一度本音を吐けば楽になると思うのです(受験生は閲覧注意)

9期の円充填と申します。簡単に自己紹介をいたしますと、名古屋で生まれ育ち、大学進学と同時に上京。現在は東京大学医学部医学科の3年生で、まあ典型的と言いましょうか、大学受験業界でバイトをしています。某塾の講師や家庭教師など、稼ぎが何倍も違う同期を羨むこともしばしばあります。東京での一人暮らしにはお金がかかるのです。

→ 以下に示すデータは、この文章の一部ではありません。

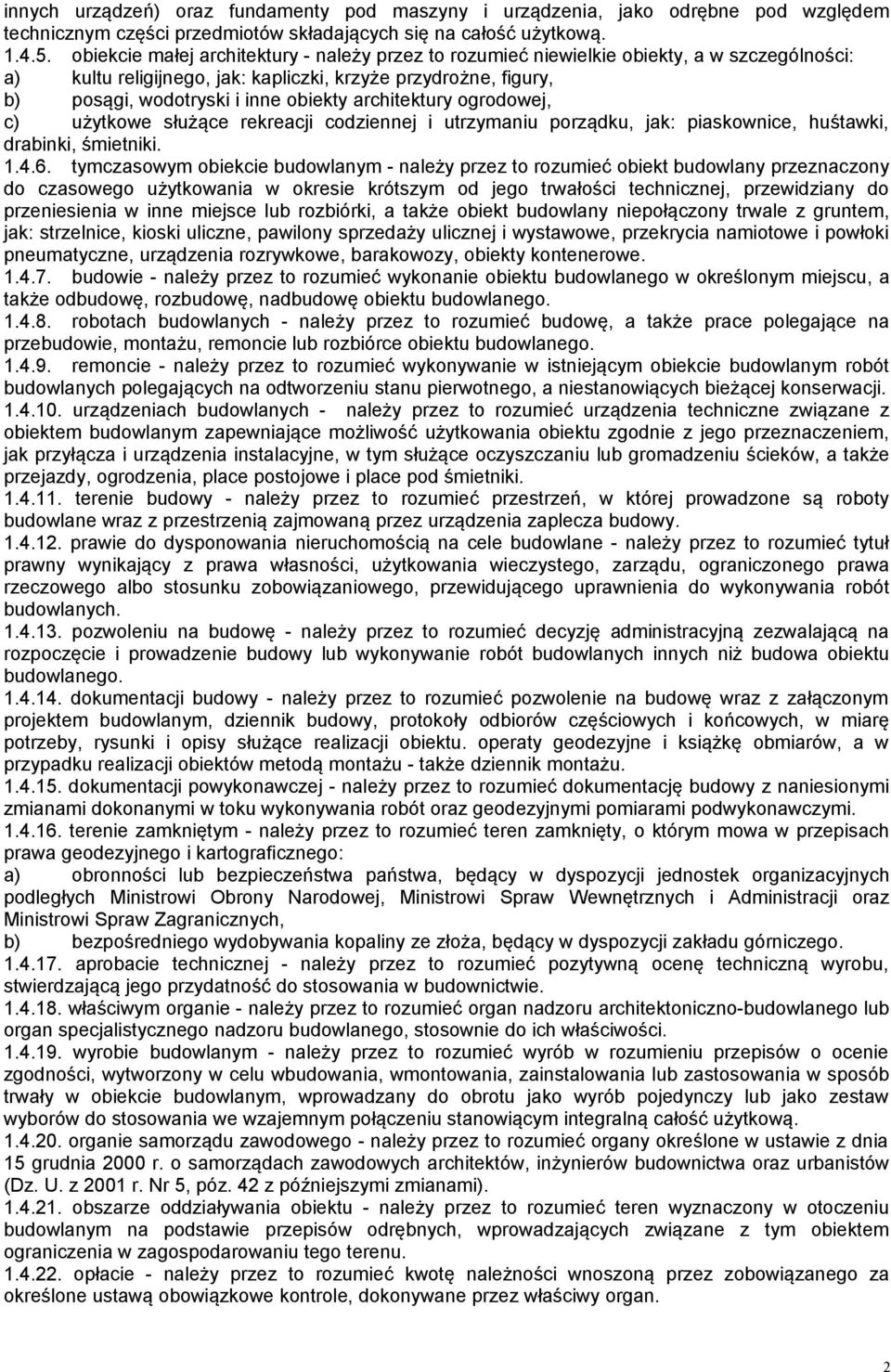 architektury ogrodowej, c) użytkowe służące rekreacji codziennej i utrzymaniu porządku, jak: piaskownice, huśtawki, drabinki, śmietniki. 1.4.6.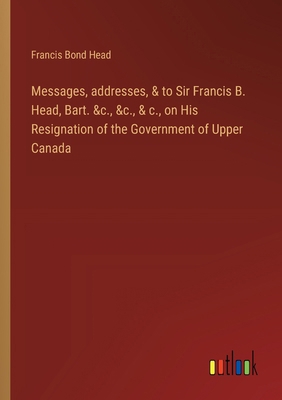 Messages, addresses, & to Sir Francis B. Head, ... 3385574889 Book Cover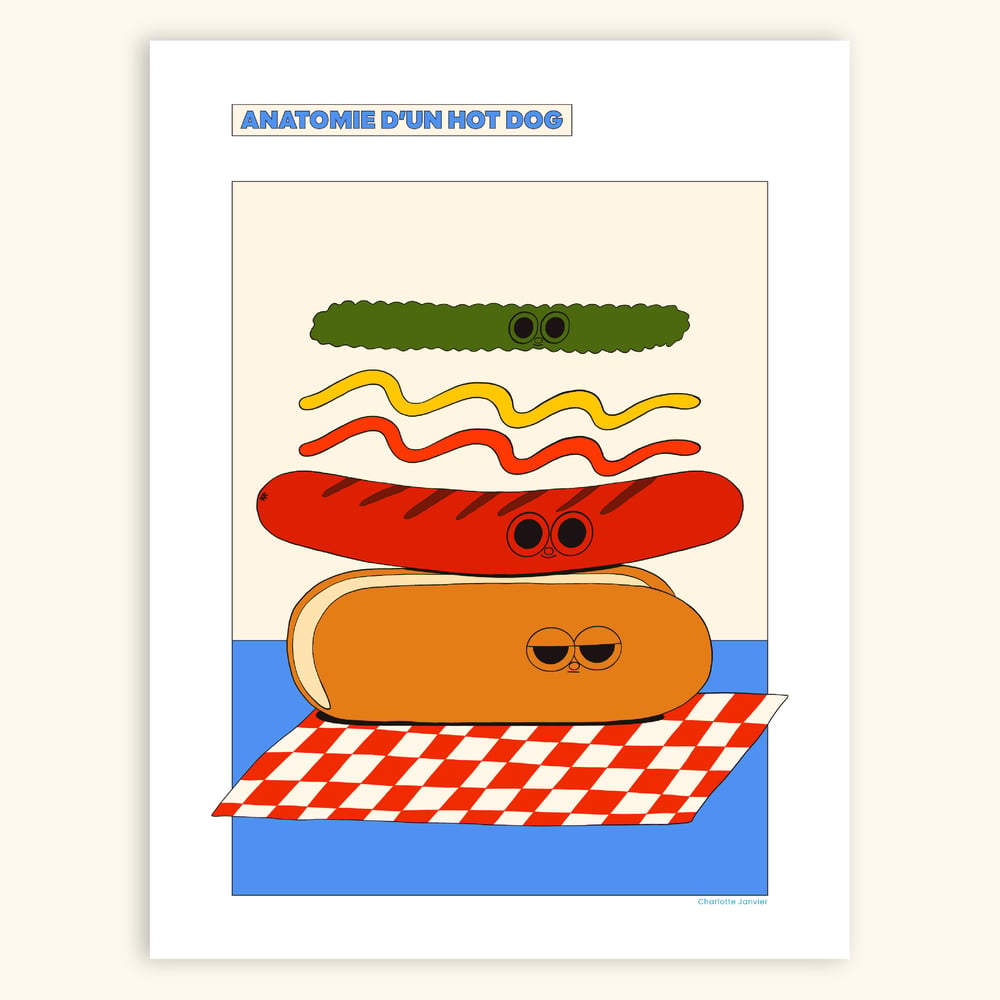 Image of 30x40 - ANATOMIE D'UN HOT DOG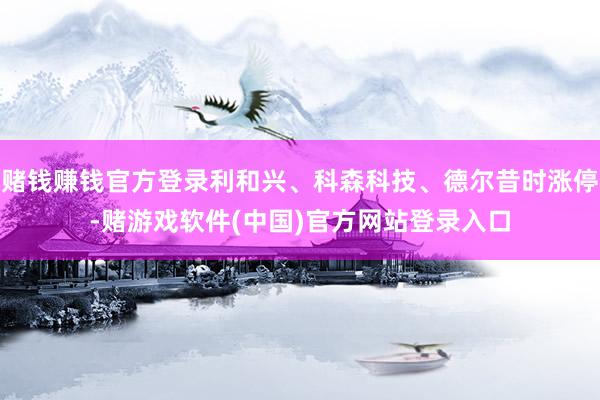 赌钱赚钱官方登录利和兴、科森科技、德尔昔时涨停-赌游戏软件(中国)官方网站登录入口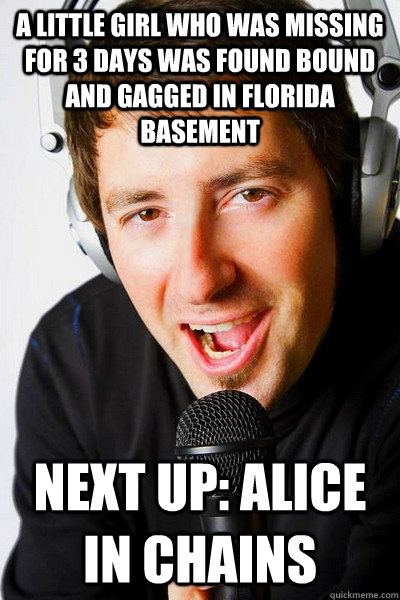 A little girl who was missing for 3 days was found bound and gagged in Florida basement Next up: Alice in Chains  inappropriate radio DJ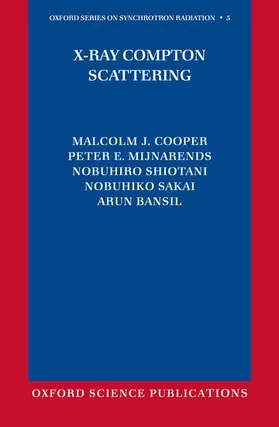 Mijnarends / Cooper / Shiotani |  X-Ray Compton Scattering | Buch |  Sack Fachmedien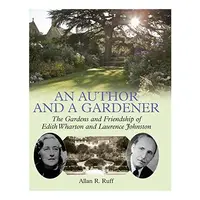 An Author and a Gardener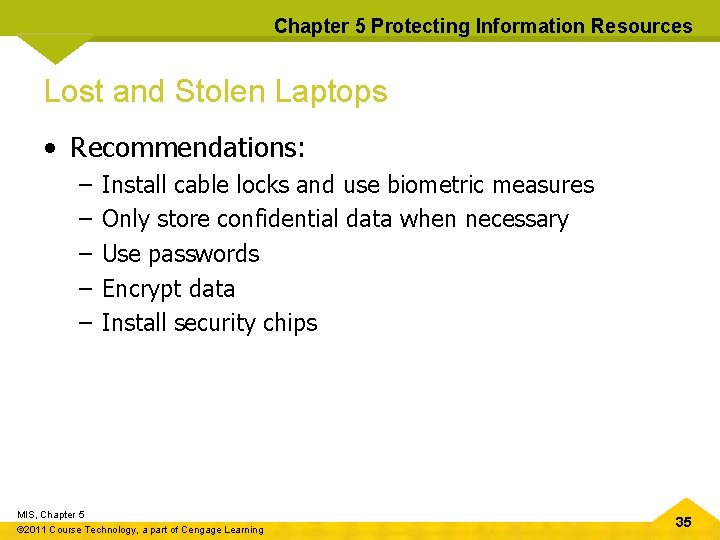 Chapter 5 Protecting Information Resources Lost and Stolen Laptops • Recommendations: – – –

そんな私が普段書く文章といえば、締め切り直前のレポートかTwitter*1での愚痴くらいのもので、AVCCを書くのも今年が初めてです。結果、ウィットに富んだ自虐からウィットを抜いた文章になりましたので、大学受験を控えた受験生、特に医学部志望生はご覧にならないよう強く忠告する次第です。また、以下に述べるのはあくまでも私個人の経験ですから、お読みになった皆様が自分や他人についてあれこれと不安がる必要はございません。

さて私ごとながら、11月の下旬から2週間少々体調を崩しました。第1週は喉の痛み程度だったのですが、以降は39 ℃台の発熱や咳など、本格的な風邪をひいてしまいました。検査によるとインフルエンザや新型コロナではなく、症状を抑える薬を飲んで耐える日々でした。いっそのことインフルエンザであれば、イナビルを吸って翌日から解熱、という楽な経過だったのではないかと思っています。それに、インフルエンザというのが分かれば診断書を書いてもらえる。実は風邪のせいで薬理学の試験や病理学の実習を欠席しまして、特に試験などというのは、正当な欠席であることを証明できれば追試験*2を受けられるのです。しかし、私の場合は診断書などありませんから、「診療明細なら手元にあるがこれで本当に病欠だったと認められないか」と事務に聞いてみましたが、はいともいいえともない曖昧な返答に終わり、再試験を受けることになりそうです。教授はともかく、事務はとあるネットミームの如く......ということでございますね。1年も過ごせば諦めがつくものです。

このような、高熱にうなされたり試験の心配をしたりという日々では、思考は自ずとネガティブな方向に進むものです。よくある病態ではありましょうが、私も「医学部向いてない症候群」を発症してしまいました。今では症状が改善してきましたが、そもそもの問題として、バイト先では生徒の先輩としての振る舞いを求められ、大学のネガティブキャンペーンなどできないという制約が負担になっているように思われます。そこでこの機会に、勉強に対する本音の8割ほどを公開してしまおうと思うのです。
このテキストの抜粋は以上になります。